Pier Luigi Bersani, líder do Partido Democrático (PD) e candidato a primeiro-ministro, desafiou Mario Monti a explicar onde se situa politicamente e com que agenda social se candidata às legislativas italianas de 24 e 25 de Fevereiro. Um repto que chega dois dias depois de o ainda líder do executivo ter confirmado que vai encabeçar uma aliança de forças centristas para “mudar Itália e reformar a Europa”.
“Esta aliança centrista precisa de explicar exactamente onde se situa”, disse o líder do centro-esquerda que, segundo uma sondagem publicada neste domingo pelo jornal económico Il Sole 24 Ore, é o favorito dos italianos para assumir a chefia do Governo. Bersani recolhe 36,2% cento das simpatias, quase o dobro dos que preferem o actual primeiro-ministro (23,3%) ou dos que admitem voltar a votar em Silvio Berlusconi que, no início do mês provocou uma tempestade política ao anunciar o seu regresso à política, pouco mais de um ano depois de se ter demitido para dar lugar a um governo de tecnocratas, sob a batuta de Monti.

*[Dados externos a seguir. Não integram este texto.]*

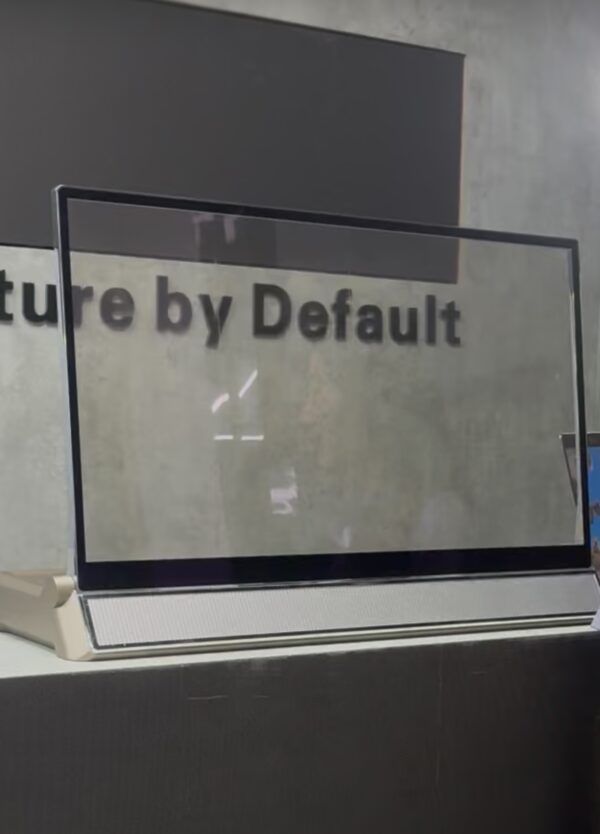 Écran transparent microLED de 30 pouces – Image 3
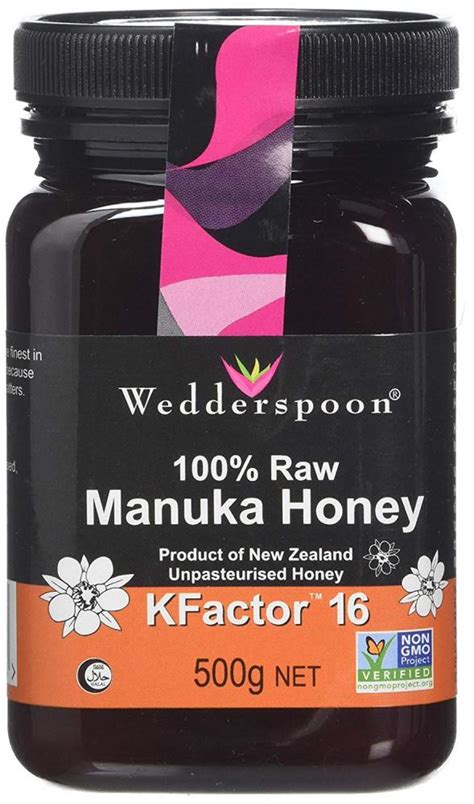 manuka honey kfactor 16 benefits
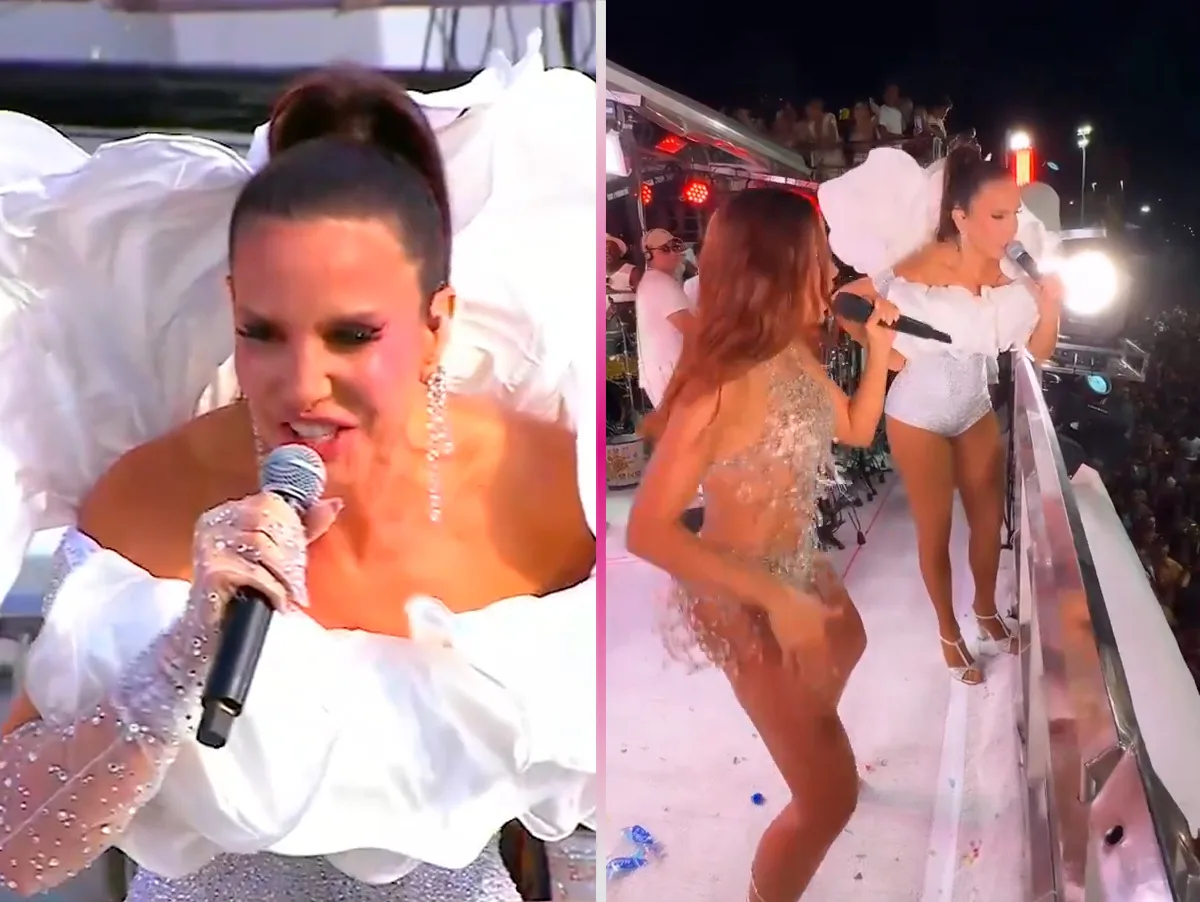 Ivete Sangalo e Anitta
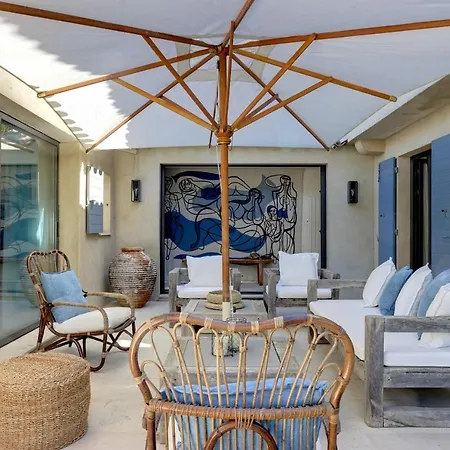 Вилла Le Bastidon De Pampelonne Сен-Тропе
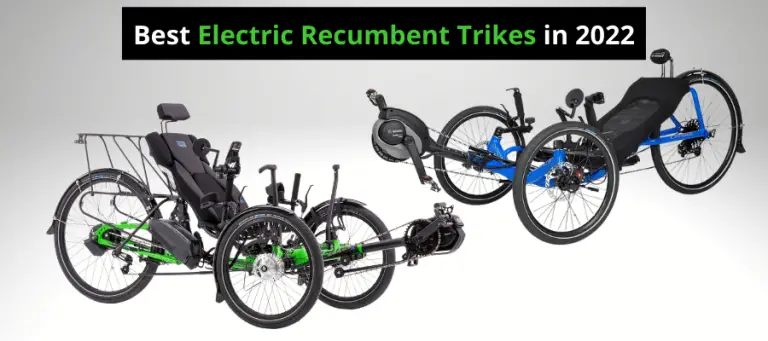 5 dos melhores triciclos reclinados elétricos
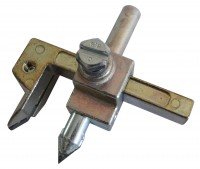 Broca de corte circular graduada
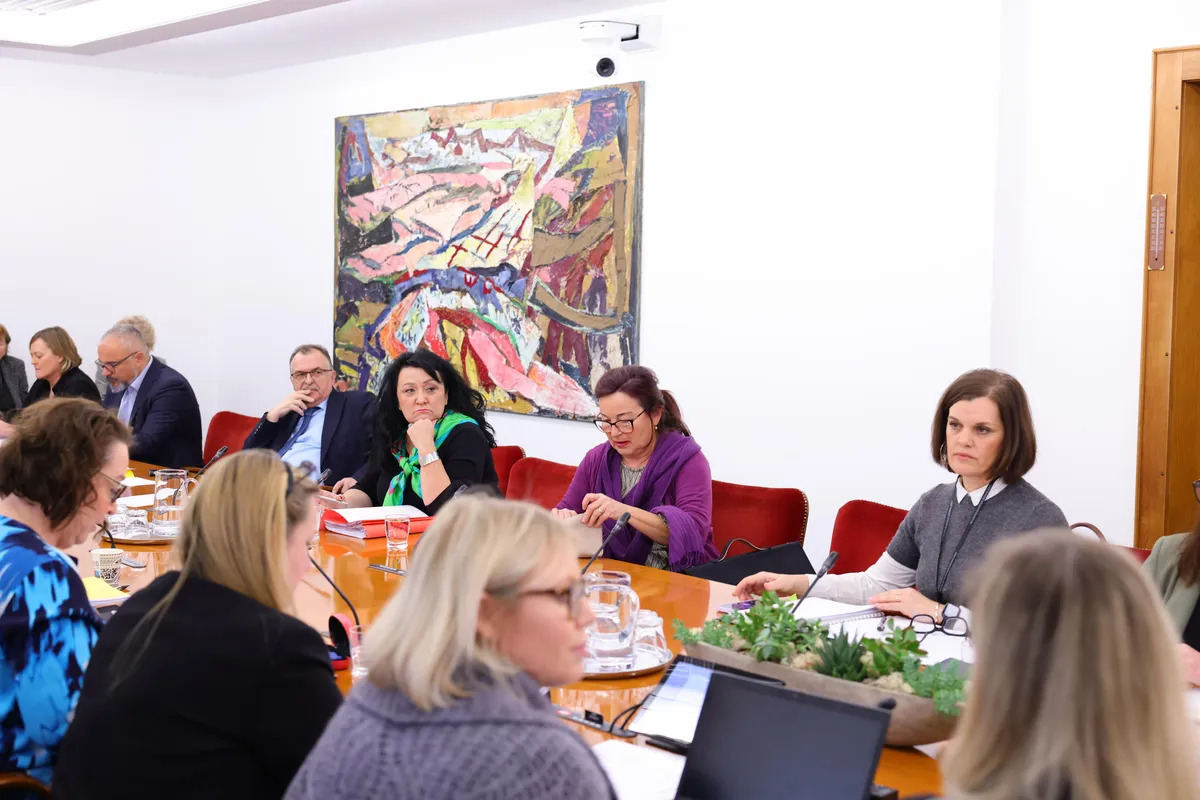 Na odboru za pravosodje o SLAPP tožbah, s katerimi se "erodira demokracija"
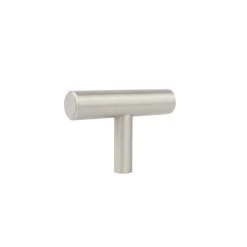Tezra Cabinetry T Pull 50mm – Brushed Nickel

A reentrada em cena de Berlusconi, e a retirada do apoio do Povo da Liberdade (PdL) em duas votações decisivas no Parlamento, levou Monti a anunciar a sua demissão (concretizada antes do Natal, aprovado que foi o Orçamento). Mas na sexta-feira, já depois de ter dito que estaria disposto a liderar uma coligação que se comprometesse com uma ambiciosa agenda de reformas, confirmou que se iria candidatar à liderança do executivo, apoiado pelos partidos centristas. “Concordei em assumir o papel de líder desta coligação e comprometo-me com o sucesso desta operação”, acrescentou.
O antigo comissário europeu e ex-conselheiro do banco Goldman Sachs esclareceu que não se trata de um novo partido, mas antes de uma “aliança” de diferentes forças que pretendem trabalhar juntas para pôr em prática a sua agenda política pró-europeia. “A tradicional divisão entre direita e esquerda tem um valor histórico e simbólico, mas já não responde à verdadeira aliança que a Itália precisa”, explicou.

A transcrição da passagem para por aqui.